The film is about a few days in the life of Rome based reporter Marcello and his varied misadventures. I was put off by it's length and acclaim and have kept it in the freezer for long but it turns out to be an exuberant eye filling roller coaster and a feast of black and white cinematography.
As the film opens a statue of the Christ one hand raised in benediction dangles from a helicopter borne across the sky. Marcello juggles three women in the loosely connected episodes which make up the movie. As he dallies with heiress Maddelina, his fiancée attempts suicide. There is a long chunk of his two day affair with a mercurial American actress. His father visits him and has a heart attack in the company of a dancer. A friend of his named Steiner inexplicably shoots his two children and himself. Another episode is about two children who have supposedly seen the Madonna. We see the public hysteria with milling crowds, sick people on stretchers hoping for a miraculous cure and media people converging at the site like a swarm of scavengers. The film is a series of parties and orgies sputtering to an abrupt closure with another media event: a giant fish is washed ashore while the ocean churns timelessly in the background .

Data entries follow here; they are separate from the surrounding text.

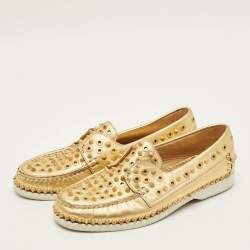 مملوكة مسبقًا Christian Louboutin Yatch Spike Size 40.5 Gold Leather Loafers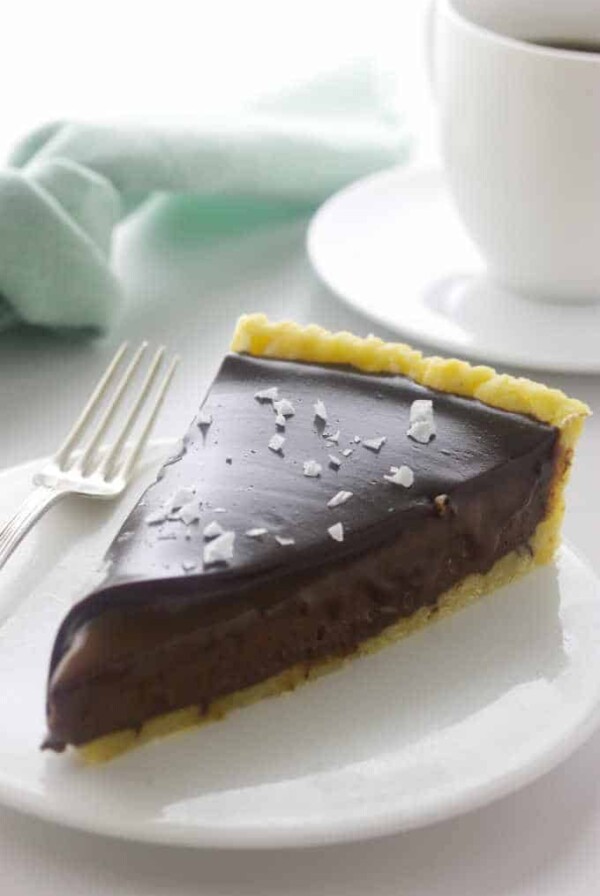 A slice of truffle-like Chocolate Caramel Tart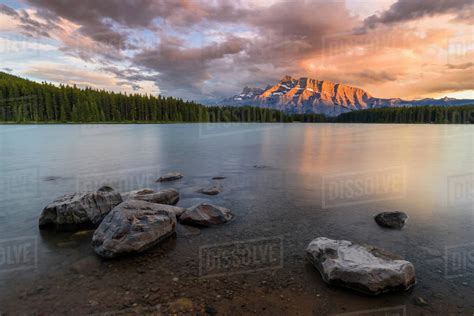 Sunset Over Mount Rundle At Two Jack Lake Banff National Park Unesco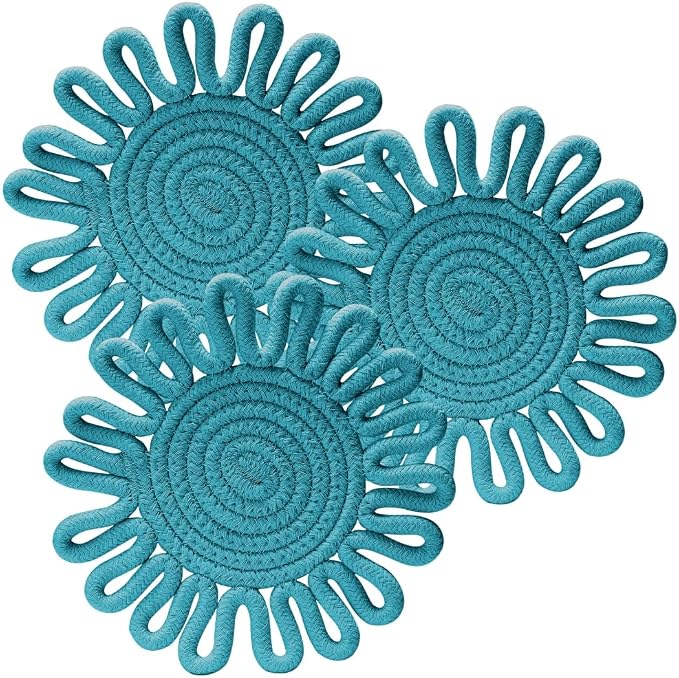Kitchen Trivets for Hot Dishes Potholders for Countertop Hot Pads Hot Mats or Trivets for Hot Pots and Pans Home Essentials Boho Farmhouse Kitchen Decor Set of 3, 100% Cotton,7.5" (Turquoise)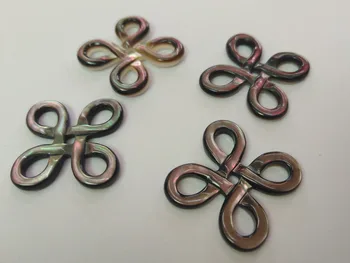 

25mm(1") 5pcs genuine black grey pearl Shell Celtic knot connector white mother of pearl / mop pendant jewelry making supplier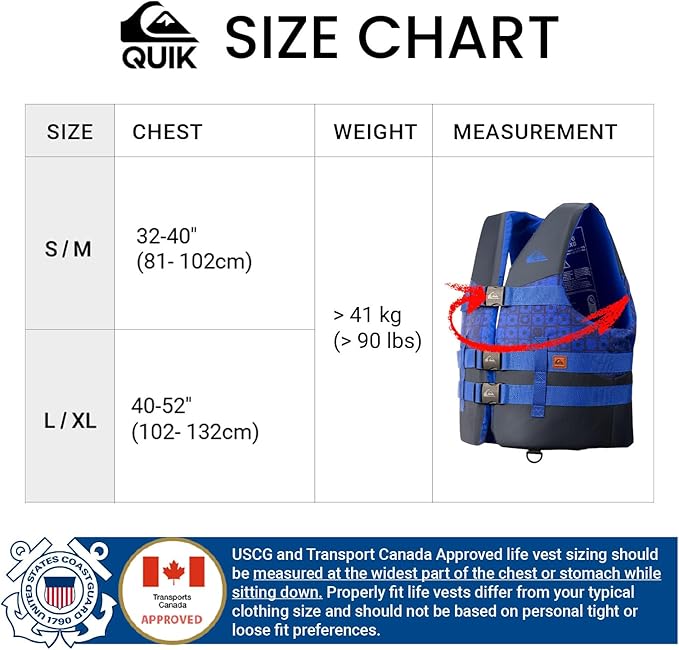 QUIKSILVER USCG Approved Men's Life Jacket Type III PFD, Lightweight EPE Foam Life Vest for Adults, for Waterskiing, Wakeboarding, Windsurfing, Rafting, Boating, Kayaking, Fishing Watersports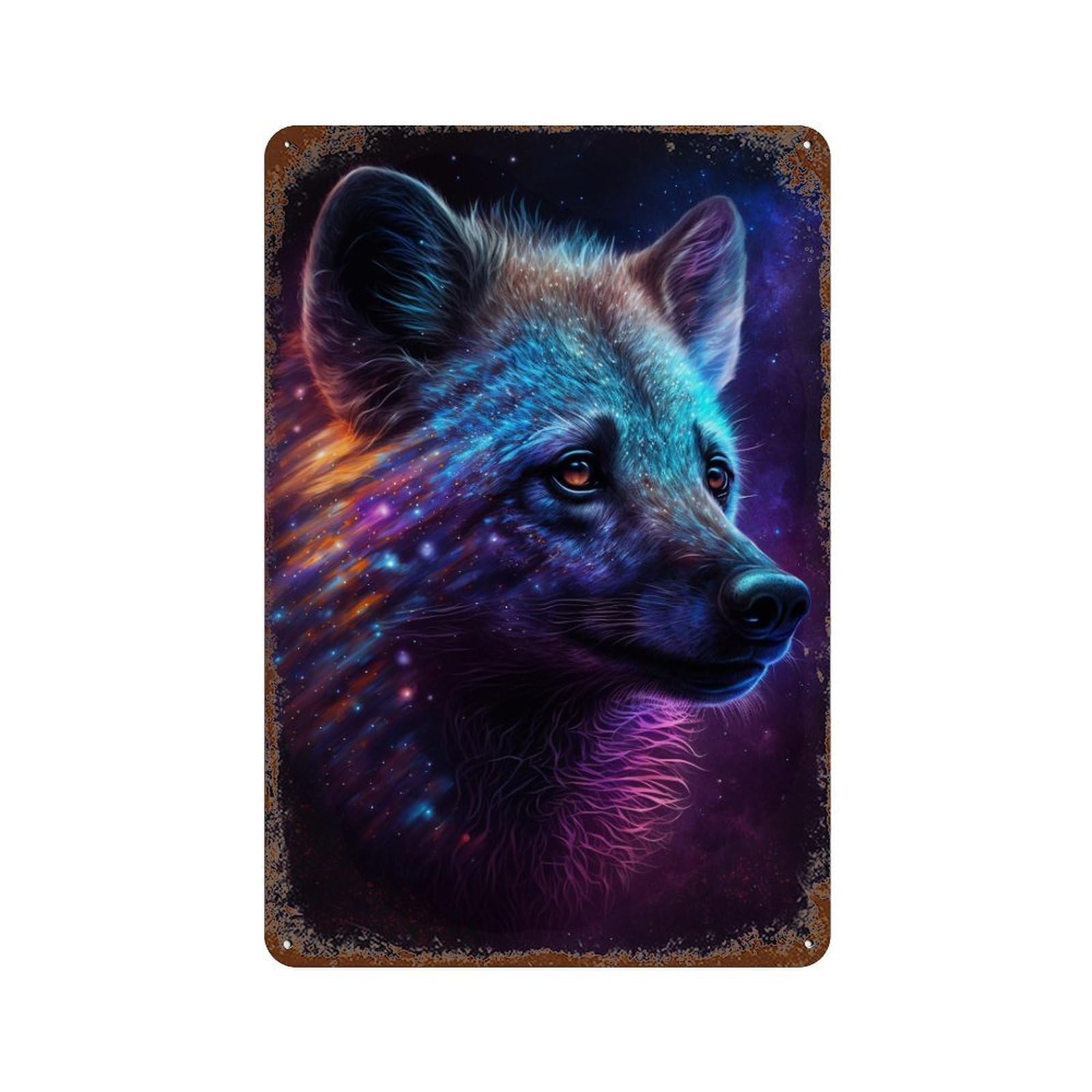 Garage Style Cosmic Wolf Portrait Artwork-4 Vintage Rust Metal Sign 11.8"x7.9", Shabby Chic Decor for Bar And Workshop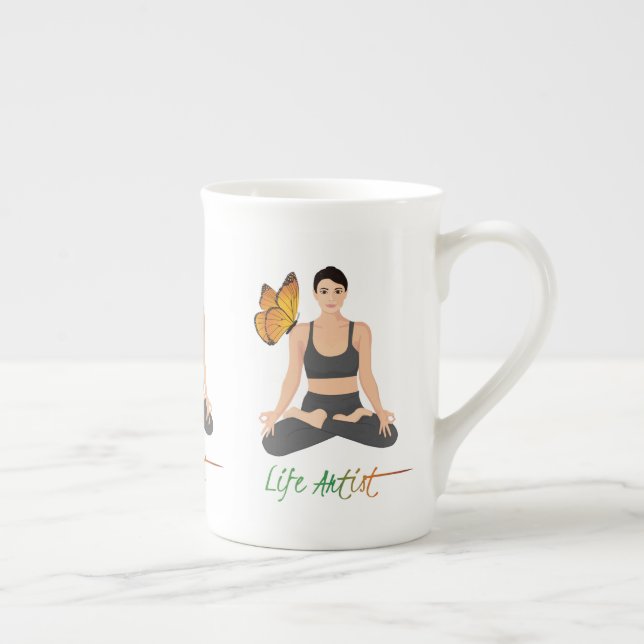 Caneca De Porcelana Bela Vida Artista Slogan Borboleta Inspiração Yoga (Direita)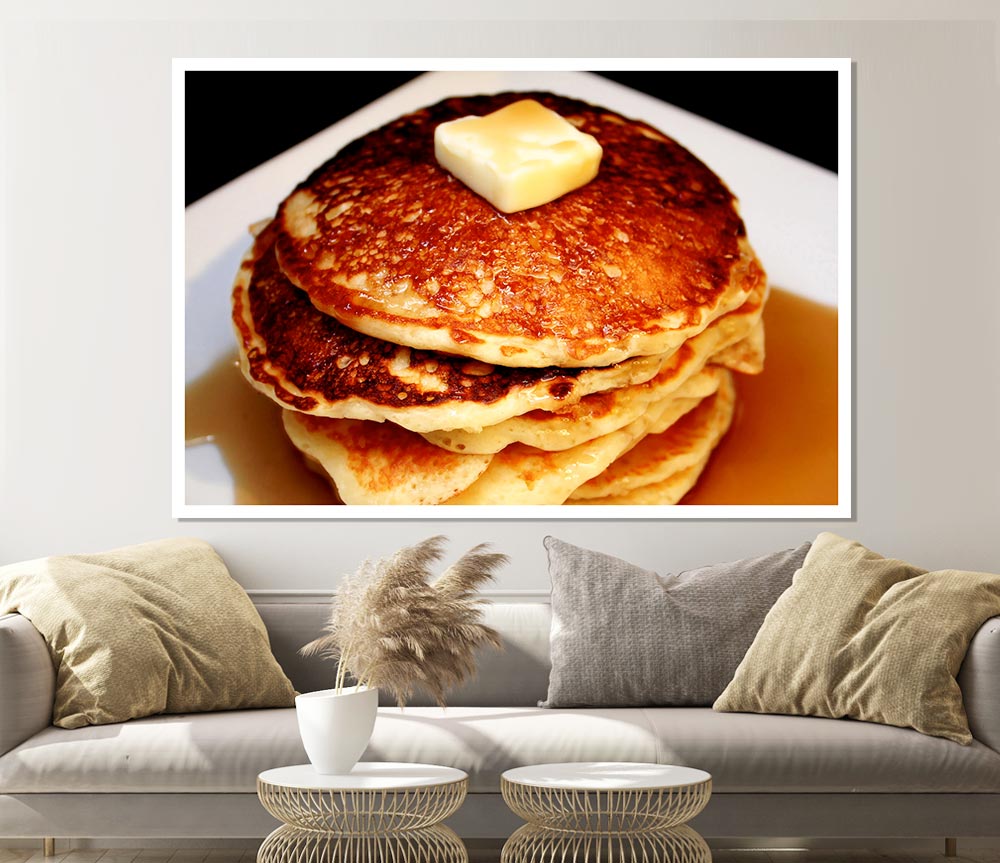 Syrup Pancakes Print Poster Wall Art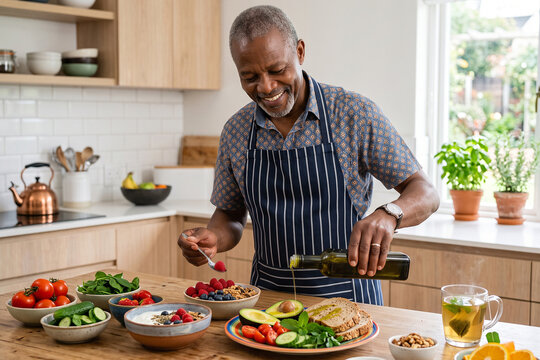 Senior Man Cooking Fresh Healthy Meal in Modern Kitchen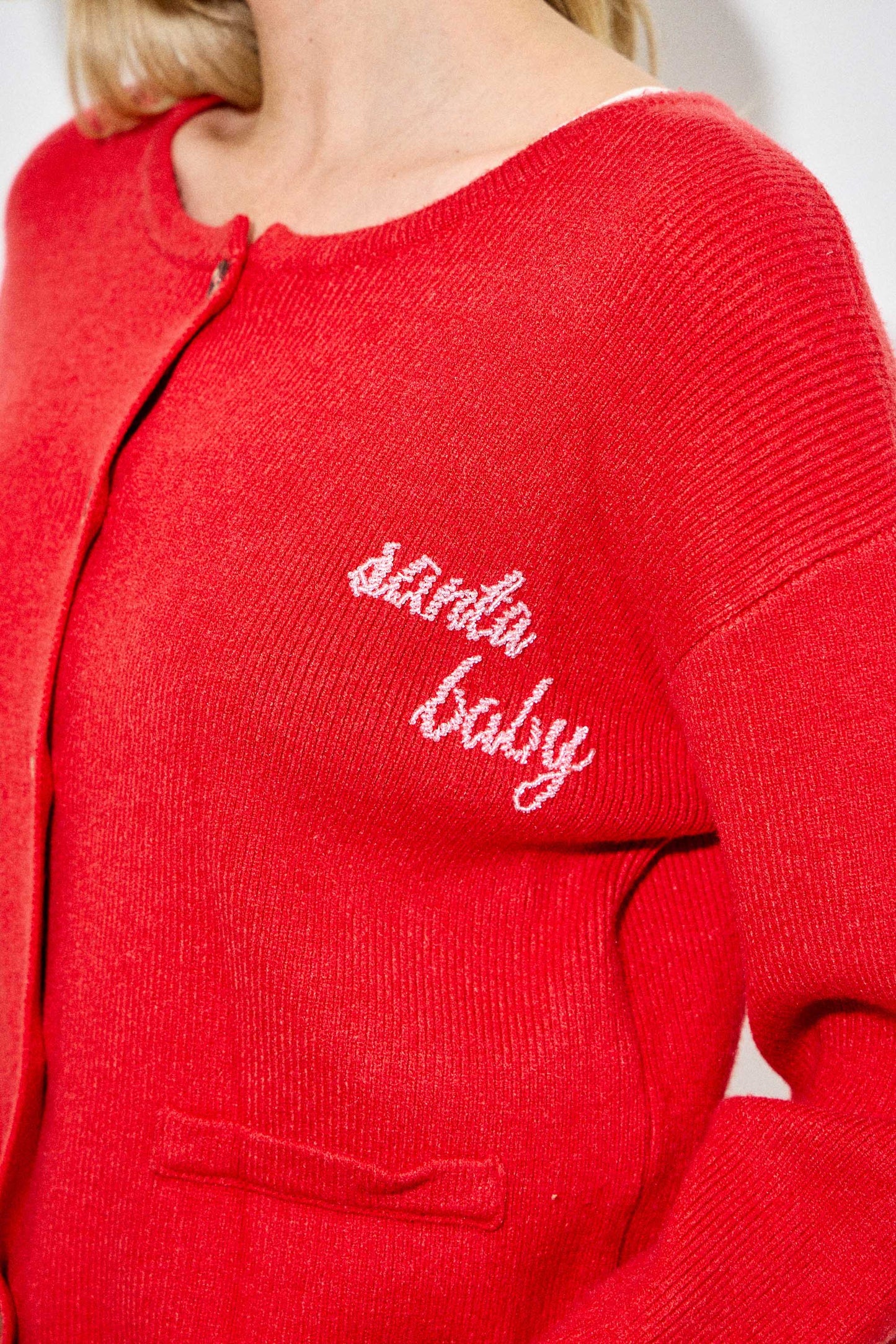 Santa Baby Beaded Button Down Cardigan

What is the sweet life? Marcello is borne helplessly on a tide of events. The film maker lenses this chaotic melancholy joy ride with a gruesome tragedy dumped incongruously at it's center, with aplomb and detachment .The camera-work is conttinuously breathtaking. By making no attempt to confine the narration by constraints of plot and continuity the artist has managed to compress an effortlessly inspired cinematic essay about life into a short span of time. Indeed, this is black and white poetry.